Daniel Inouye signed up, and within a year he was a platoon sergeant leading other Japanese Americans in the 442ndRegimental Combat Team. He first saw action in Italy, and then in France, where they rescued the “Lost Battalion.” The fuck is a lost battalion? A group of over 200 not Japanese American soldiers surrounded by Germans. Other rescue attempts failed, but the 442nd fought like mad, suffering horrible casualties, and rescued 211 fellow Americans. FYI, the 442nd is the most decorated unit for its size in U.S. military history.
Inouye was given a battlefield promotion to second lieutenant for his actions in rescuing the Lost Battalion, and then went back to Italy. During an attack his men were pinned down by three German machine gun nests. He went to attack and was shot in the stomach and said fuck it, ignored the wound, and charged one of the nests, blowing them to Nazi hell with hand grenades and his submachine gun. Then he rallied his men, and they took out the second nest. Then he collapsed from blood loss. Then shit got really fucking weird.

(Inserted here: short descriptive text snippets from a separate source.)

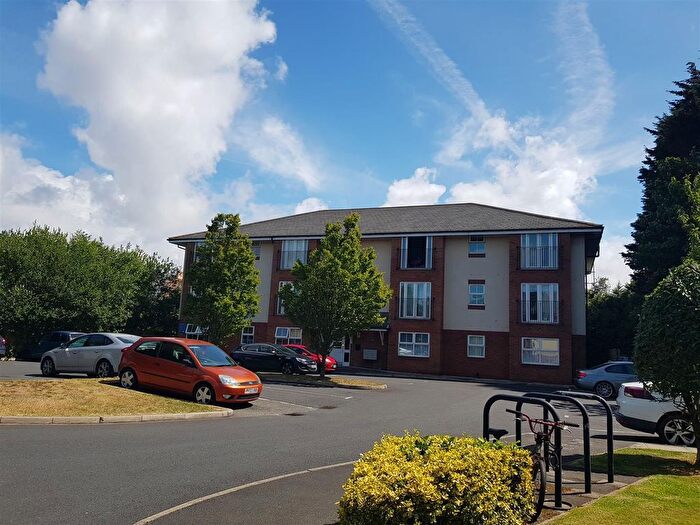 2 Bedroom Flat To Rent In Hillcrest Court, Wallasey, CH44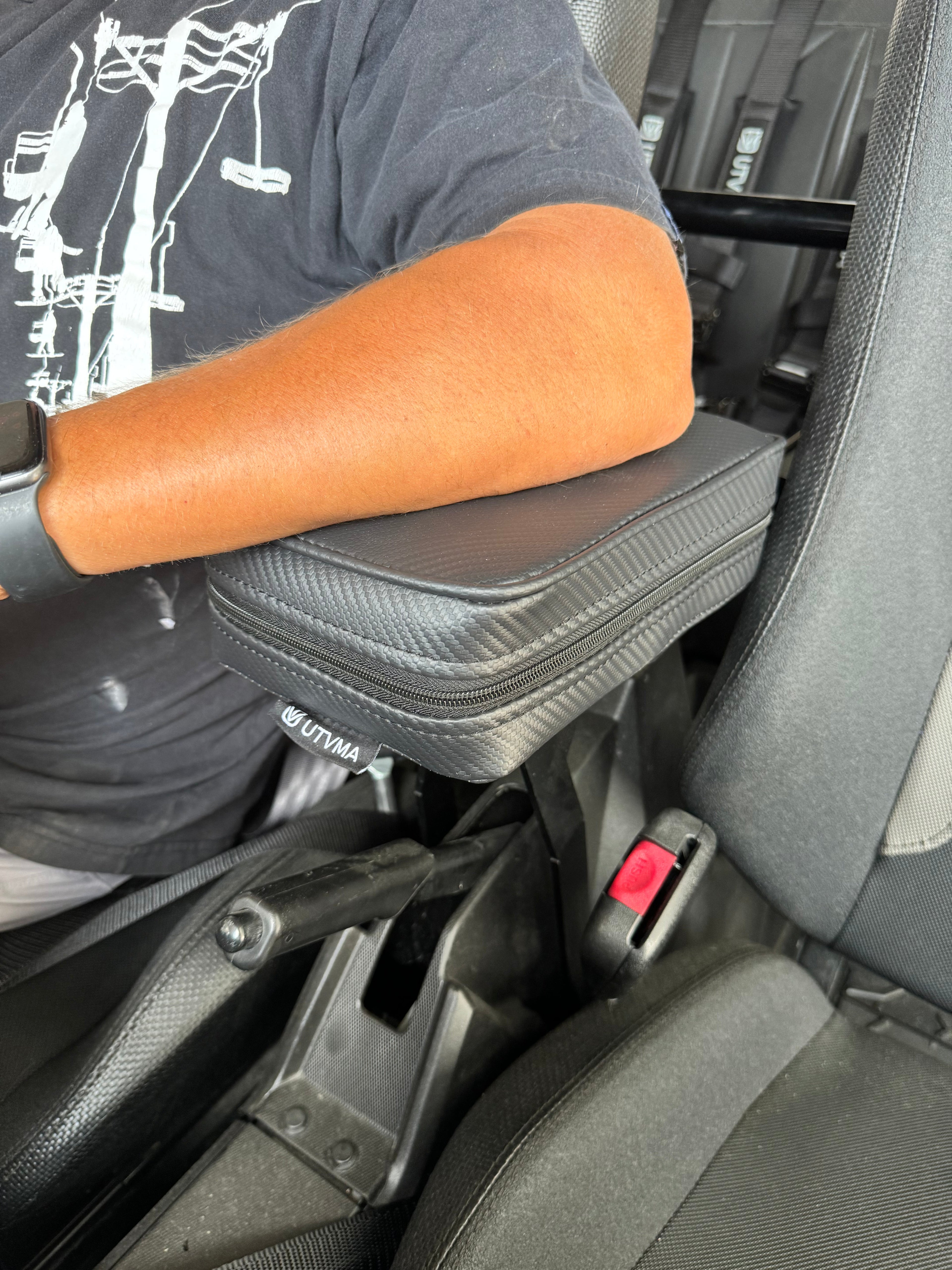 UTVMA RZR Trail Armrest with Bracket (2015-2024)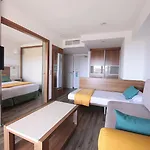 Sandos (adults Only) בנידורם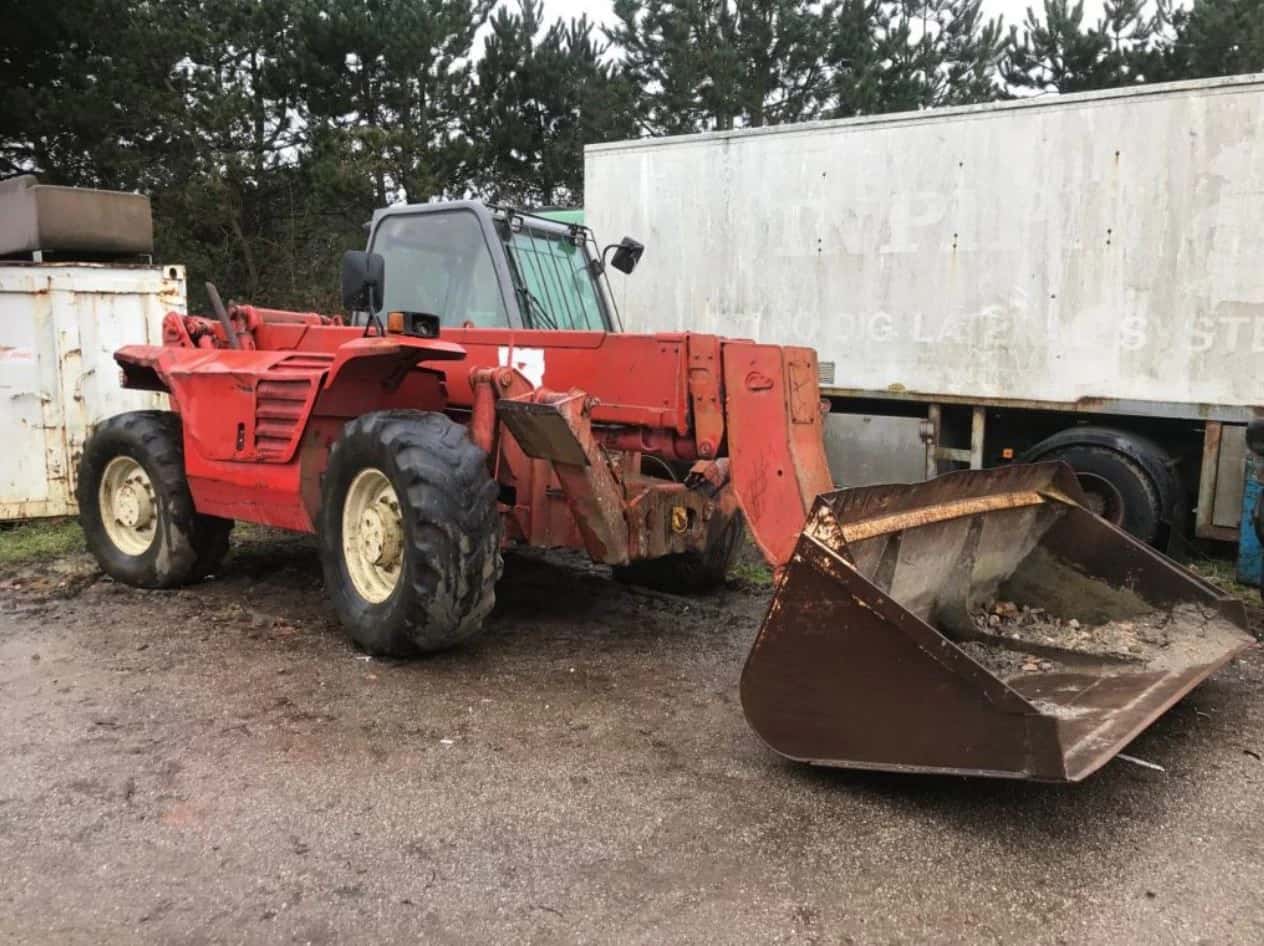 Une pelle Manitou MT1330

He fucking crawled toward the third nest, was about to throw a grenade, and got shot by a grenade launcher, which hit him in the elbow. The grenade launched at him was a dud, but the blunt force mostly ripped his arm off. His largely detached arm still clenched a grenade. So he said fuck this, used his working hand to take the grenade from the amputated hand, threw it at the third nest, and blew those fucking Nazis into bratwurst.

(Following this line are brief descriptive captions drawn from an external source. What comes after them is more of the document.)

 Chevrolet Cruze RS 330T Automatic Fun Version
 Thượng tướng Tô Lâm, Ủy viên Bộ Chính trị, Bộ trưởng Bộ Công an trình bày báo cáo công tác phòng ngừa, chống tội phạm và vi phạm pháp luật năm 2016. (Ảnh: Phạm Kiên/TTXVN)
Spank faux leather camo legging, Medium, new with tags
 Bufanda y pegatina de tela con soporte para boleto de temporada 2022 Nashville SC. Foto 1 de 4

Inouye was elected to the U.S. Senate as a Democrat in 1962 and never lost an election. In the 1990s, Congress began to look at records of Japanese American soldiers who were deserving the Medal of Honor but were denied it due to racism. On June 21, 2000, Senator Daniel Inouye and 19 other Japanese American veterans of the 442nd were awarded the Medal of Honor by President Clinton.